▶ [Your instructions]: Output only the lines below that start at the line containing "Relaxing bedroom with" and end at the line containing "Fun jumping off the wharf at Opononi", with both ends kept.
== Excerpted data
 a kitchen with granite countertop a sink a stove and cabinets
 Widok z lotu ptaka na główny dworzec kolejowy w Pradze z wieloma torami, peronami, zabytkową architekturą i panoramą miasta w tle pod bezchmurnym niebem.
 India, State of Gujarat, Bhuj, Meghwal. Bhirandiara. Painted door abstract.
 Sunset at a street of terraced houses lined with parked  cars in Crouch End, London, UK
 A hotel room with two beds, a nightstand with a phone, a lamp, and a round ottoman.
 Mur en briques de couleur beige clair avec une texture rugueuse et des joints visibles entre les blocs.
====
== Excerpted data
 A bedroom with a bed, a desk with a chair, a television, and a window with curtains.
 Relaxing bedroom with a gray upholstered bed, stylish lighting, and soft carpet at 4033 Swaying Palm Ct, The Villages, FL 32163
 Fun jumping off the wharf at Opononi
====
▶ [Problem solution]:
 Relaxing bedroom with a gray upholstered bed, stylish lighting, and soft carpet at 4033 Swaying Palm Ct, The Villages, FL 32163
 Fun jumping off the wharf at Opononi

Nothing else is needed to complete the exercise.